To all the Black men who tell the exact same story about white women clutching their purses
I know why the white woman clutches her purse, and I know she knows why, too. Everything inside of it is owed to my ancestors.
Niggas be lyin.
I’m not saying you’re lying when you claim to be greeted by white women clutching their purses when you walk down streets. I’m just saying that, as a filmmaker, I know what “rehearsed” looks like. I’m just saying that when thousands of people tell the exact same story to the exact same audience, I know it is generally indicative of a show. And I don’t like this play you are putting on.
When Trayvon Martin was murdered, Obama was cast in your role, too. Before becoming a Senator, he said, he would walk across the street to the sound of car locks clicking. He argued that this ubiquitous script informs the two separate experiences of white and Black America, them who use fear to lock us out and us who know this fear to be irrational. But there is another experience that is never addressed in your theater.

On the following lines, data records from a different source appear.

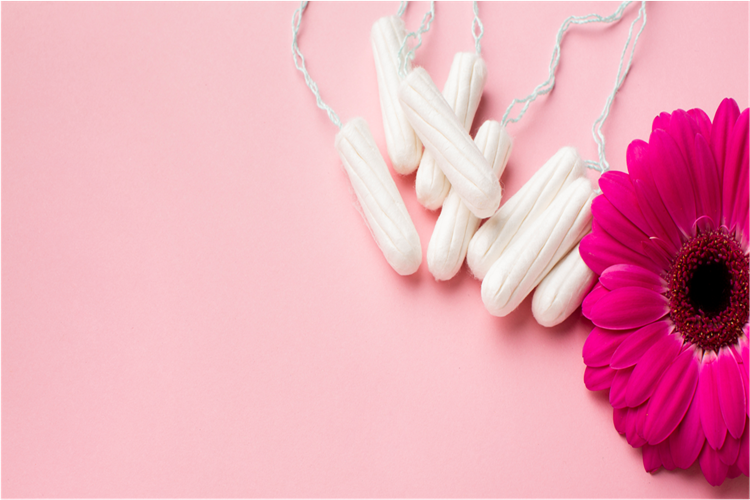 Tampon Rahatsız Eder Mi?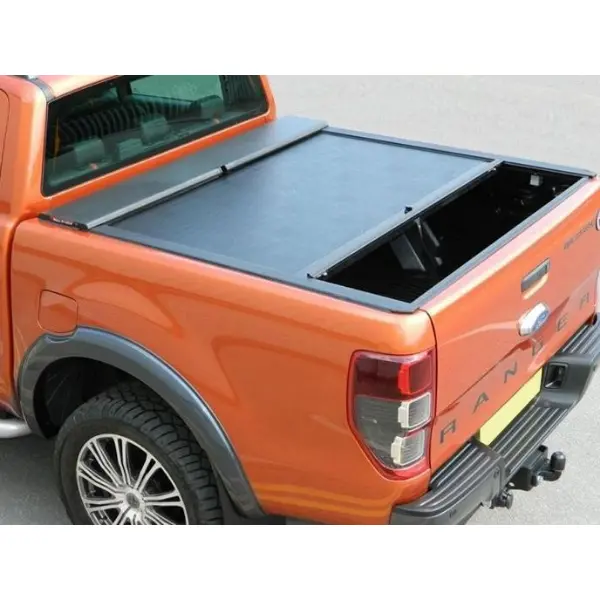 Roll N Lock Tapa Retractil Para Chevrolet Silverado 1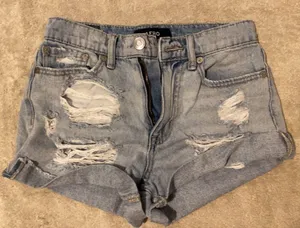 Aeropostale Mom Shorts thumbnail 3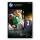 Hewlett Packard (HP) Advanced Fotopapier Inkjet - 10x15cm, glänzend, 250 g/qm, 100 Blatt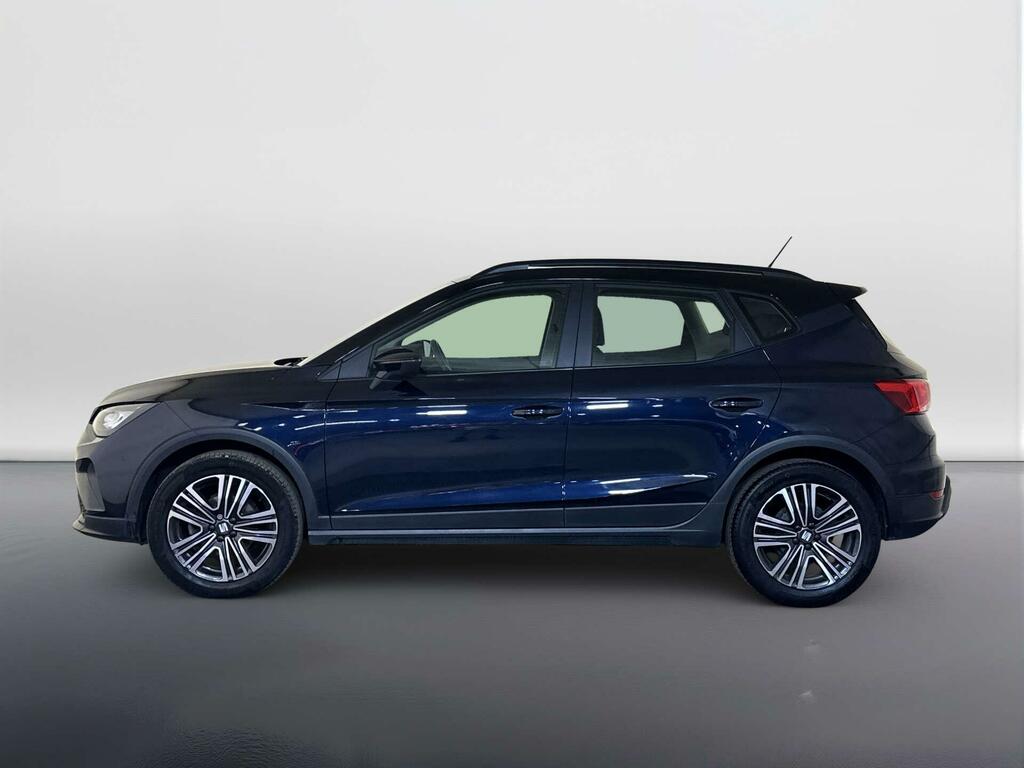 Seat Arona 1.0 Tsi Evo Se Technology Suv Eu Blue #5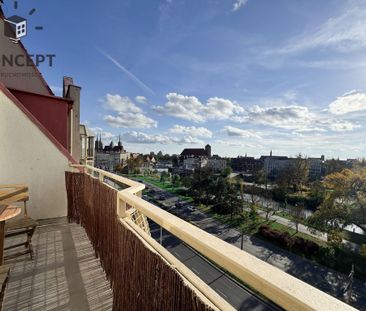 Słoneczny apartament tuż przy rzece | 3 pokoje AC - Фото 1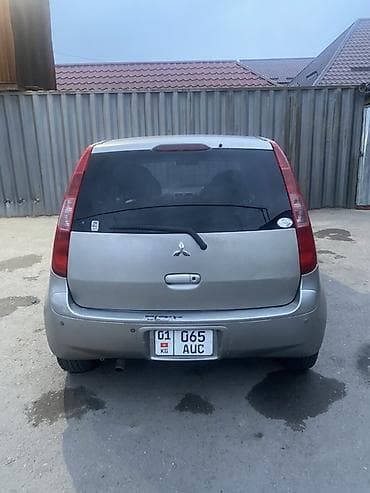 Mitsubishi Colt: 2003 г., 1.3 л, Автомат, Бензин, Хэтчбэк — 7
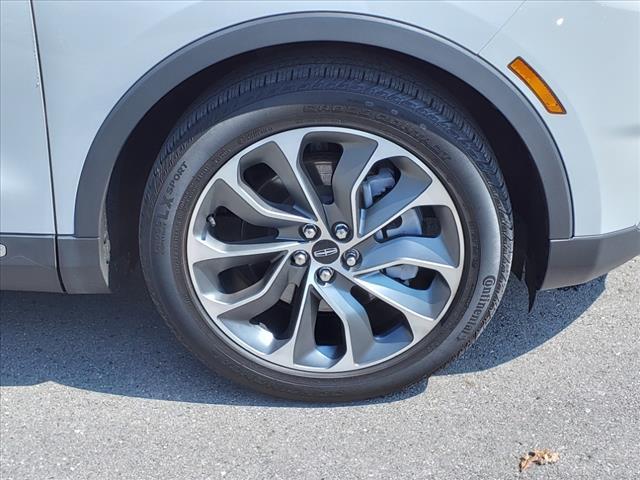 used 2022 Lincoln Nautilus car, priced at $38,995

You claim that yours is the universal Black experience, but your story is not my story. Which isn’t to say white women don’t fear me, they do. But unlike you, I am not interested in alleviating their fear. I am not interested in reinforcing their safety when their safety relies upon my death. I am not interested in their comfortable gentrification, their still hearts as another state agent kidnaps another one of us from our home. I am not interested in their exhales as the neighborhood that isn’t theirs in the first place gets rid of whom they call just another “bad guy,” but we call them father, brother, sister. I am not interested in reducing centuries of genocide to purposeless irrationality.
I know why the white woman clutches her purse, and I know she knows why, too. As my colleague Preston Anderson always reminds me, everything inside of it, everything and more, is owed to my ancestors who were killed so that she could have it. Everything.
If they must fear me—and until white supremacy has been obliterated, they must—then I will make it worth it. If they must use their fear to kill me, and they must, then I will die fighting back. If they must plunder our communities, raid our Black Wall Streets, redline our homes, and lock us out of their economies, then I insist on breaking through their locks. So they damn sure better attempt to make their cars impenetrable.
When your cast-mate Barack Obama called Baltimore protesters “criminals and thugs who tore up the place” and distracted from the “real issues” in the wake of Freddie Gray, I knew I needed to tell a different story. I knew I needed a story in which the reasons we criminals and thugs tear up the same place that is committed to killing us is the real issue.
When ideas of violence and criminality are always used to punish us for demanding what is owed, including our very lives, they cannot work.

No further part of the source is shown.